EXERCISE PROMPT: Restate the listing below word for word, omitting any images.

Start of GIVEN DATA

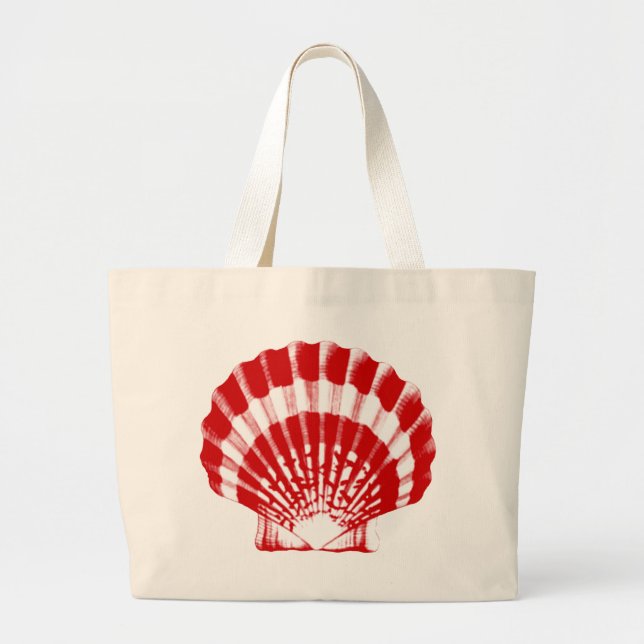 Seashell - tief rot und weiß jumbo stoffbeutel (Vorne)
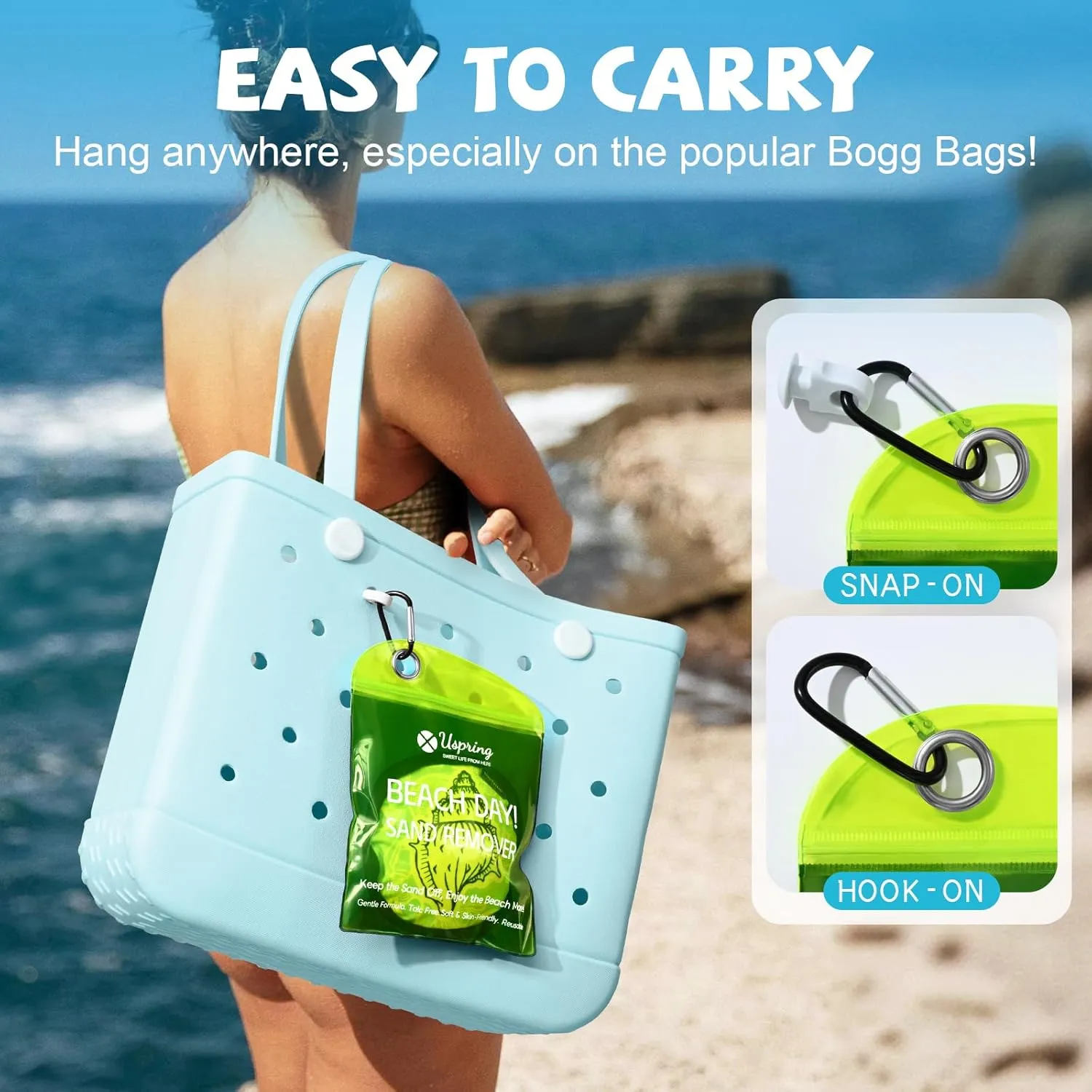 Uspring 2 Pack Sand Remover for Beach Vacation Essentials Summer Must Haves Sand Remover with Velcro, Replaceable Powder Bag, Beach Accessories for Women Kids Family Cruise Trip Gifts, Generous 500g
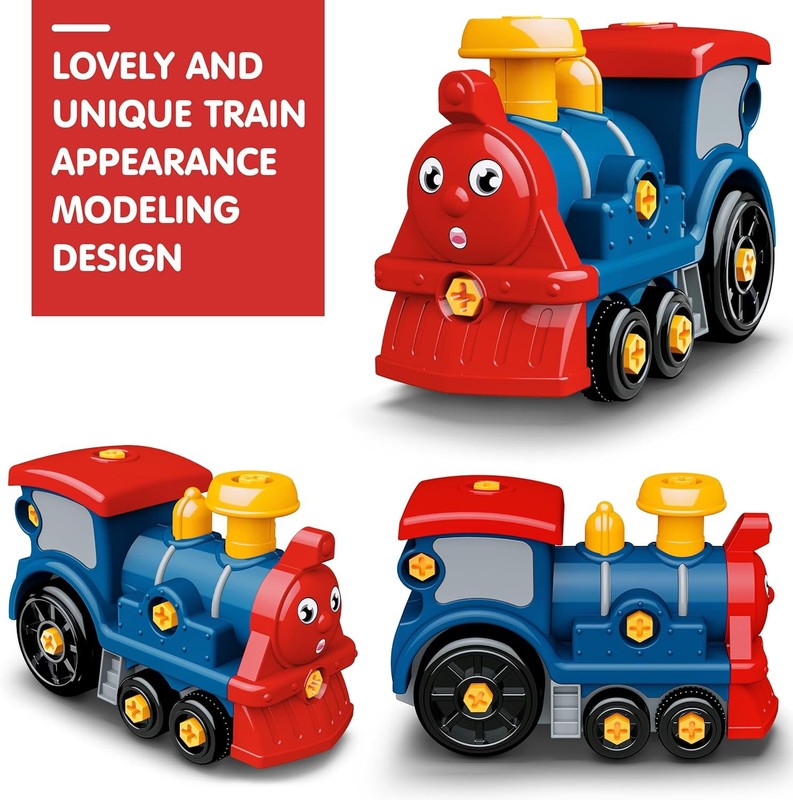 Toddler Take Apart Toy Set with Electric Drill, DIY Electric Train Assembly, STE2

End of GIVEN DATA

PROBLEM SOLUTION:
 Seashell - tief rot und weiß jumbo stoffbeutel (Vorne)
 Uspring 2 Pack Sand Remover for Beach Vacation Essentials Summer Must Haves Sand Remover with Velcro, Replaceable Powder Bag, Beach Accessories for Women Kids Family Cruise Trip Gifts, Generous 500g
 Toddler Take Apart Toy Set with Electric Drill, DIY Electric Train Assembly, STE2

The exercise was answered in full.